* TASK ITEM: An exact copy of the lines of the listing below between the "A dermatologist's routine" line and the "So what is the" line, both included, is the whole answer; please omit the pictures.

════════════════

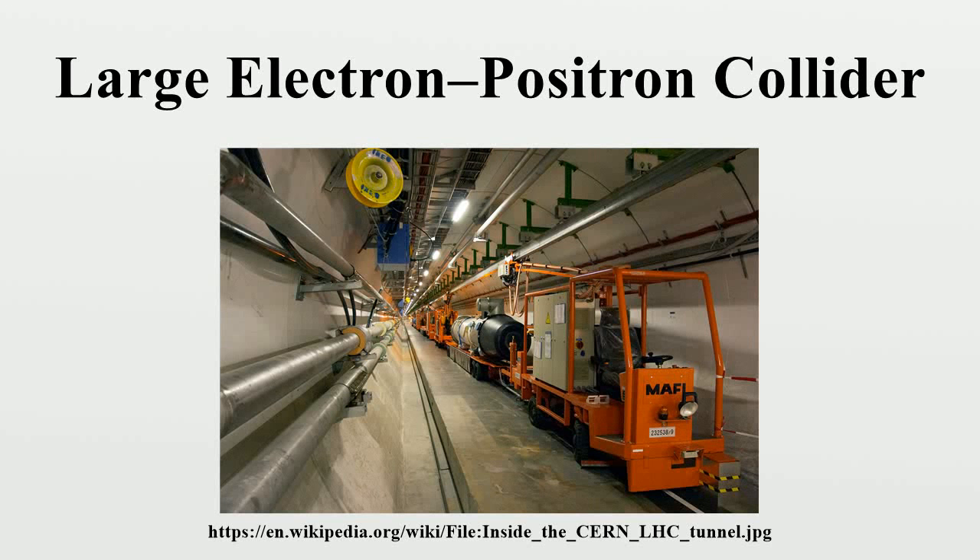The Large Electron-Positron Collider was one of the largest particle accelerators ever constructed. It was built at CERN, a multinational center for research in nuclear and particle physics near Geneva, Switzerland. LEP collided electrons with positrons at energies that reached 209 GeV. It was a circular collider with a circumference of 27 km, built in a tunnel roughly 100 m underground and passing through Switzerland and France.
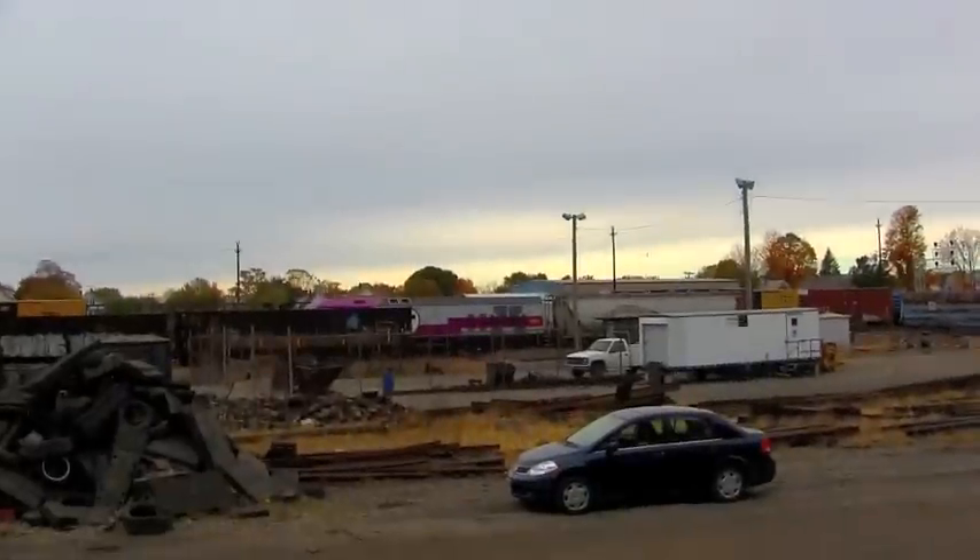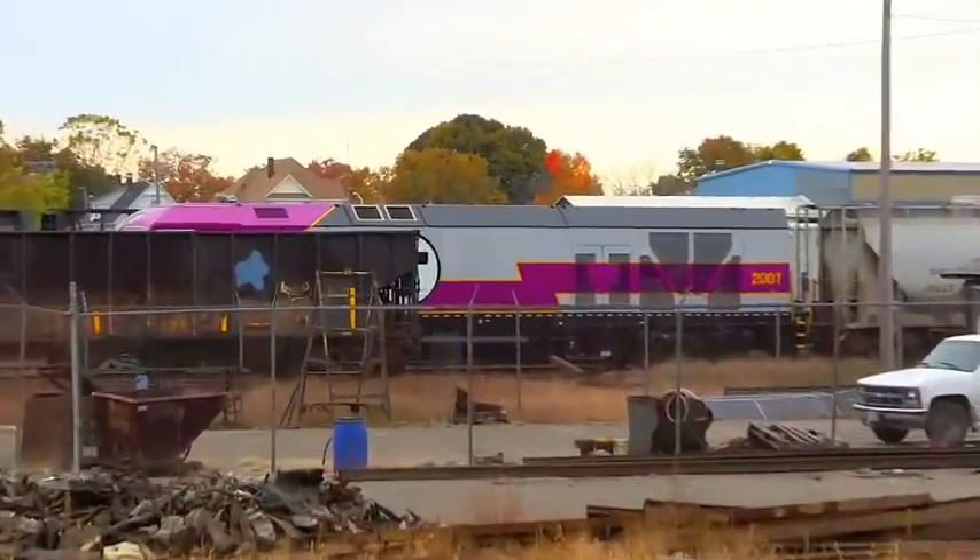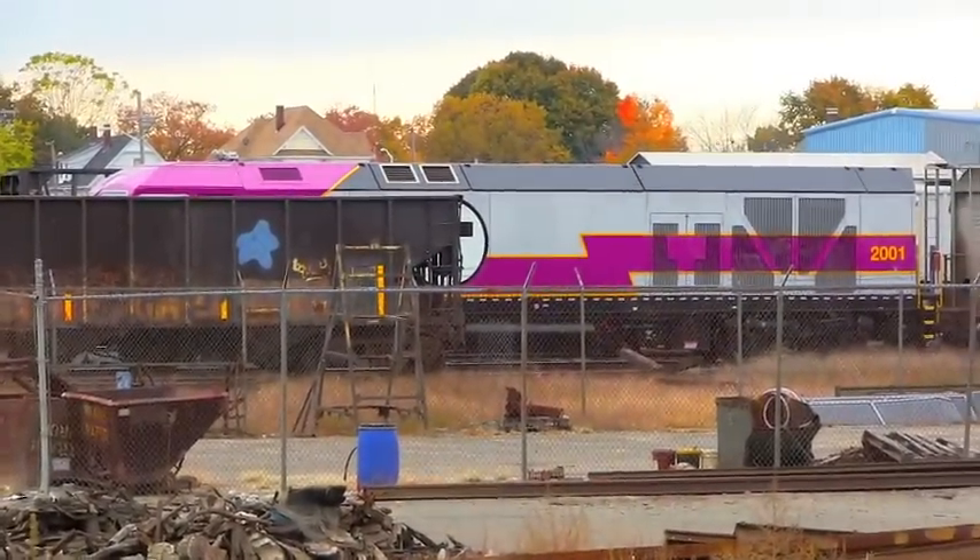Well, not exactly the best view of it, but I could try standing up here a little bit. That helps. There it is, the new HSP-46.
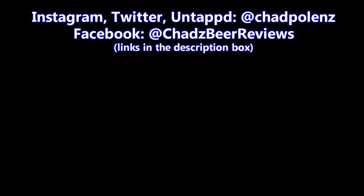I'm going very long as usual. Thanks for watching. You're awesome. Cheers. Thanks for watching Chad's Beer Reviews. Trust me, the next episode will be a lot better.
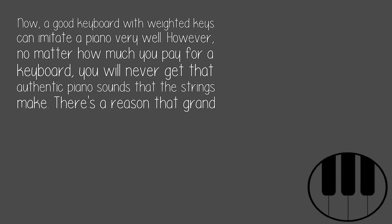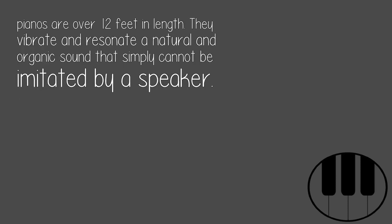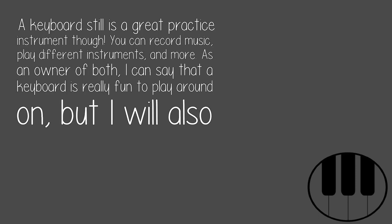A good keyboard with weighted keys can imitate a piano very well. However, no matter how much you pay for a keyboard, you will never get that authentic piano sound that the strings make. There's a reason that grand pianos are over 12 feet in length — they vibrate and resonate in a natural and organic sound that simply cannot be imitated by a speaker. A keyboard is still a great practice instrument though.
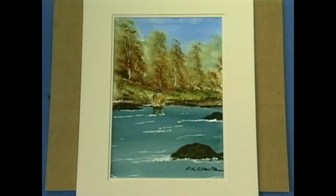Hello there, I'm Frank Clark, and I'd like you to come with me on a fishing trip to Canada. And while we're there, we're going to paint a fisherman.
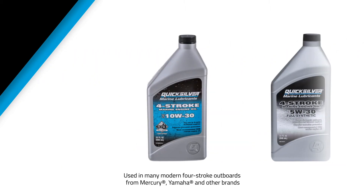Mercury, Yamaha, and Suzuki also recommend 10W30 engine oil for many of their outboards in certain climates. 10W30 engine oil is available from Quicksilver in mineral, synthetic blend, and full synthetic formulas.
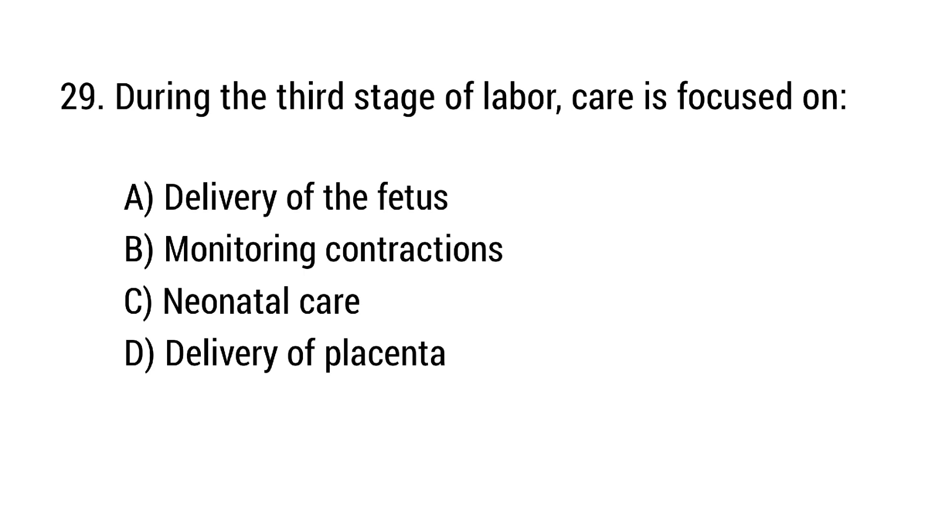Question number 29. During the third stage of labor, care is focused on? The right answer is option D: Delivery of placenta.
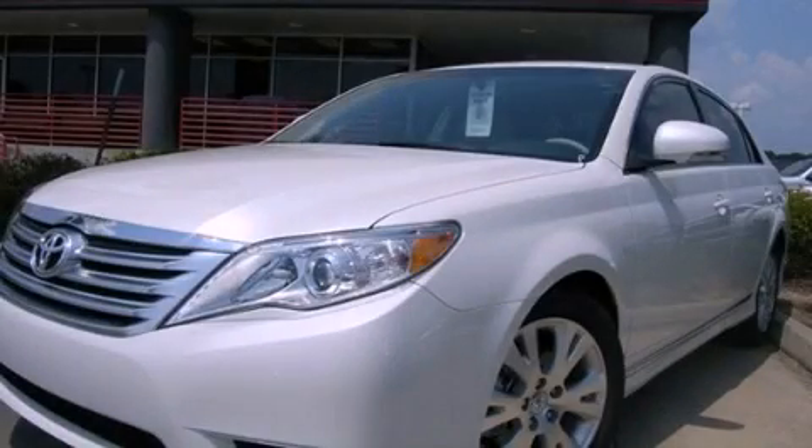Contact us today to schedule your opportunity to see this automobile in person. Thanks for your interest in this vehicle from Team Toyota.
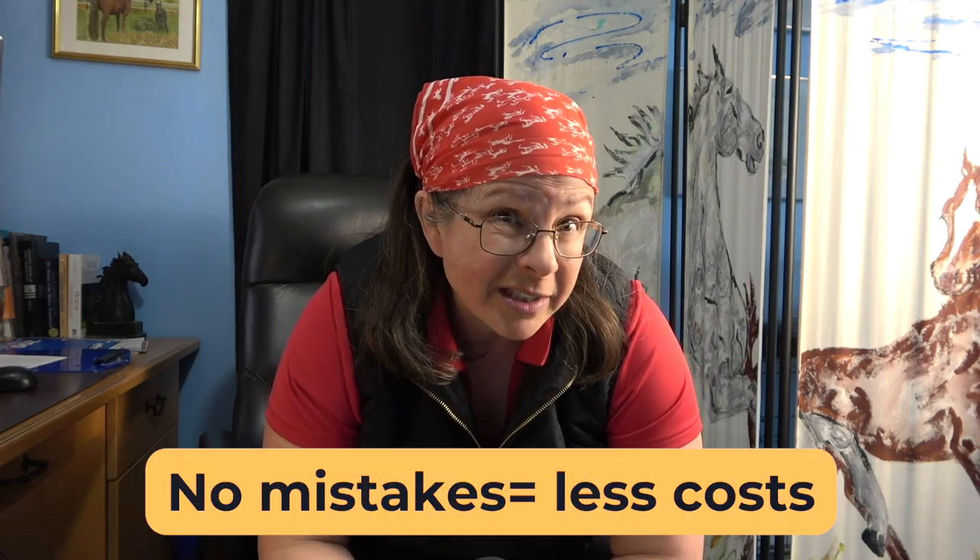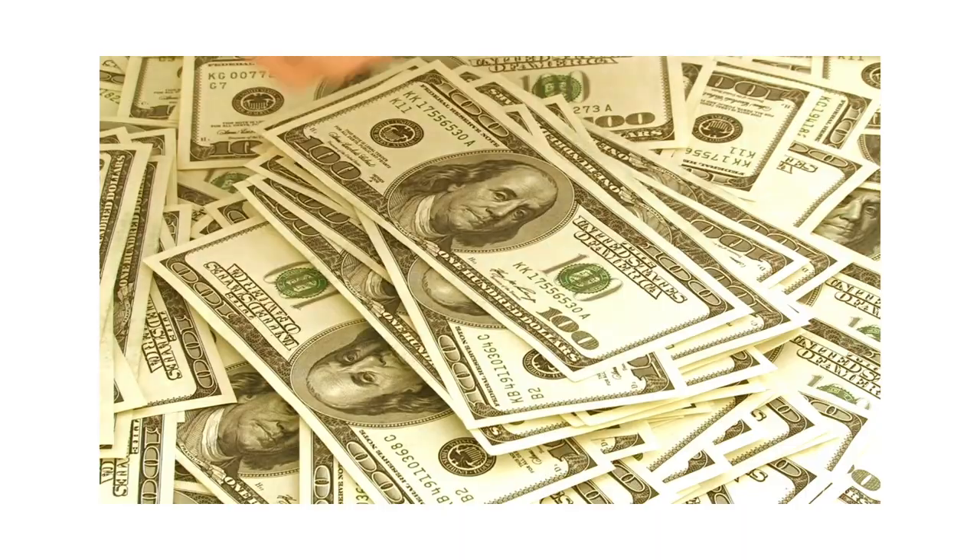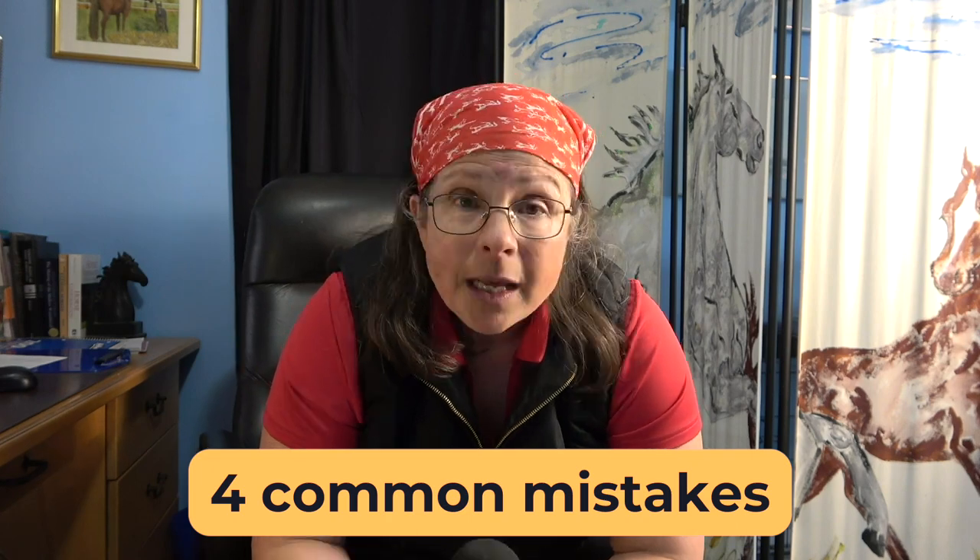I think we can agree that sometimes saving money is all about not making costly mistakes. And when it comes to breeding your mare, it's expensive enough as it is without making some of those. So in this video, I'm going to share with you four things that people sometimes do that ends up costing them lots of money — and then all you have to do is not do them.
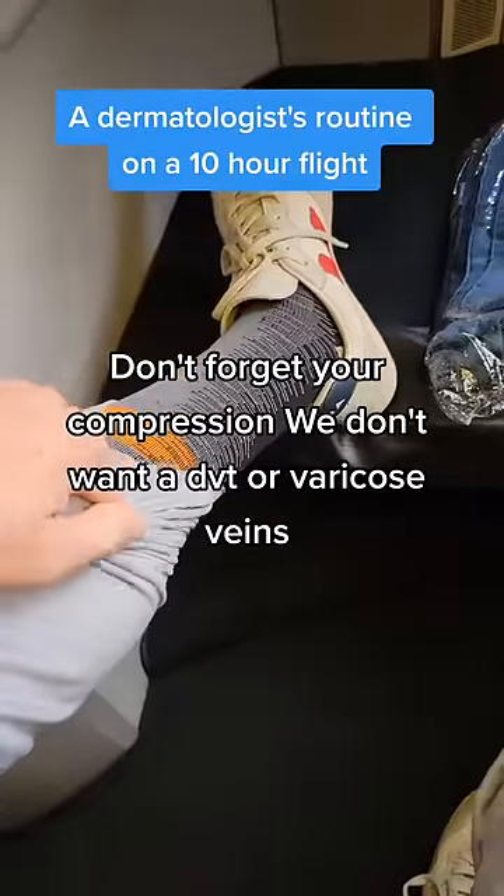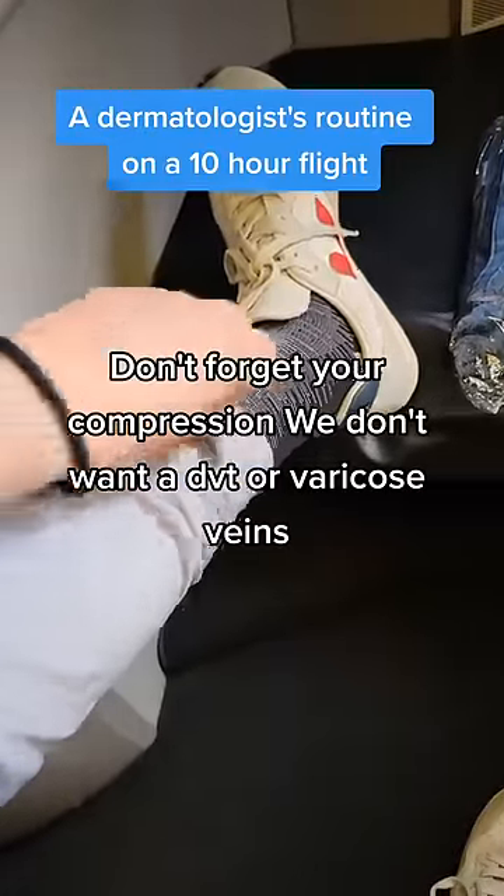A dermatologist's routine on a 10-hour flight. Starts with a moisturizing face mask because the air is totes dry. Don't forget your compression — we don't want a DVT or varicose veins.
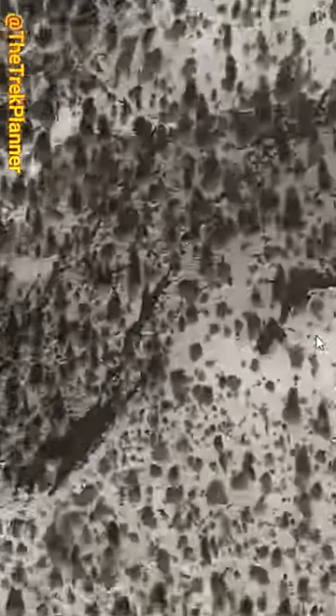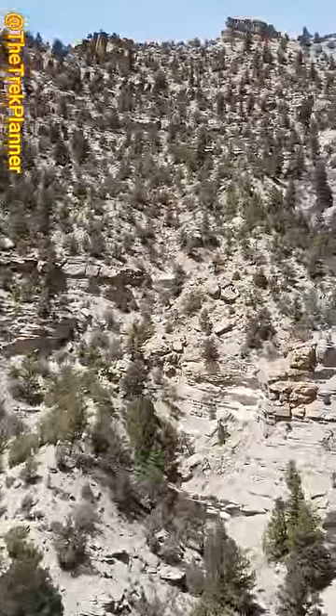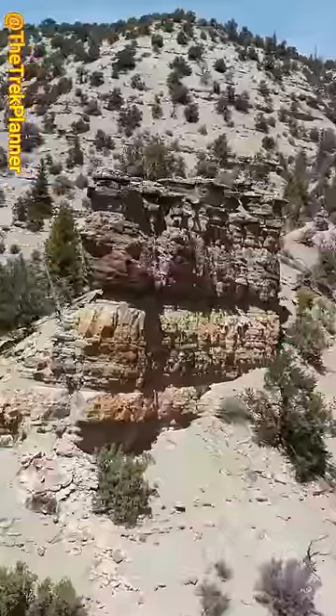While looking on Google Earth, I found this thing on top of some cliffs. What is it? Let's check it out. It was too steep of a hike, so I sent my drone to see what this circle was.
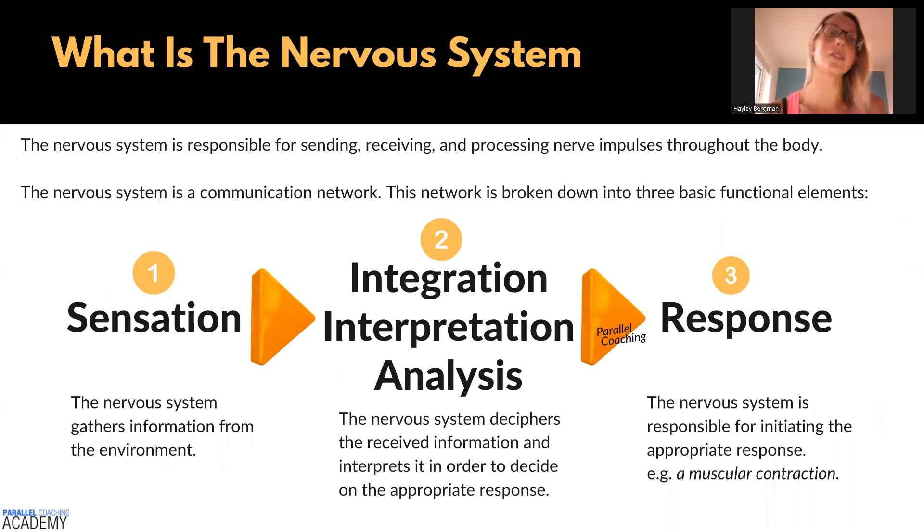So what is the nervous system? The nervous system is responsible for sending, receiving, and processing nerve impulses throughout the body. The nervous system is a communication network, and the network is broken down into three basic functional elements.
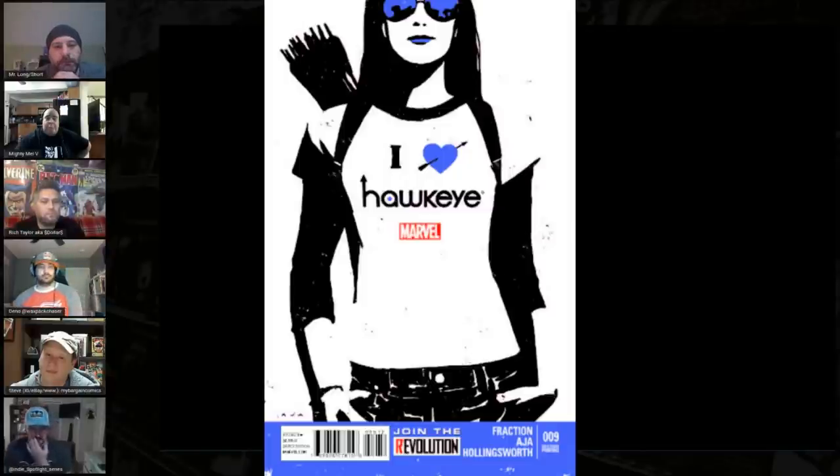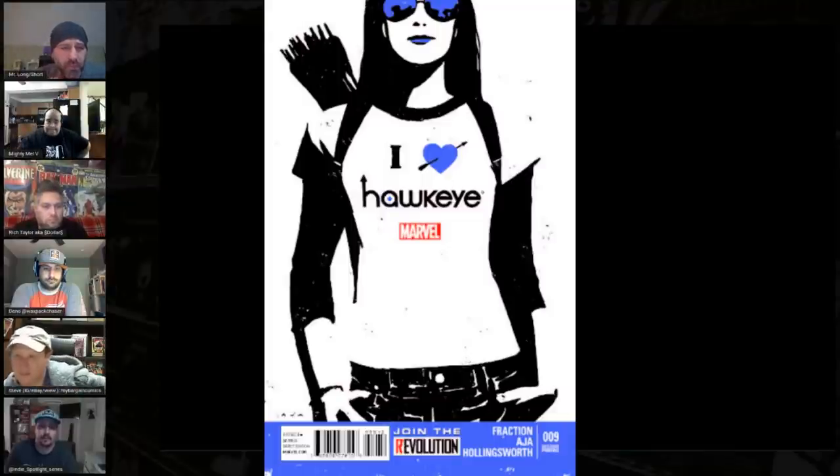Number 7 is Hawkeye number 9, the second print. In my opinion, this is easily a top 10 modern comic cover. The story in this issue is particularly good, but the cover has become iconic. The book is super hard to come by — I believe there are only about 8 or 9 9.8s on the census. These were stuck in back issue bins for years and had the snot kicked out of them. Haley Steinfeld in the Hawkeye show is going to be an absolute home run.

════════════════

* WRITTEN RESPONSE:
A dermatologist's routine on a 10-hour flight. Starts with a moisturizing face mask because the air is totes dry. Don't forget your compression — we don't want a DVT or varicose veins.
While looking on Google Earth, I found this thing on top of some cliffs. What is it? Let's check it out. It was too steep of a hike, so I sent my drone to see what this circle was.
So what is the nervous system? The nervous system is responsible for sending, receiving, and processing nerve impulses throughout the body. The nervous system is a communication network, and the network is broken down into three basic functional elements.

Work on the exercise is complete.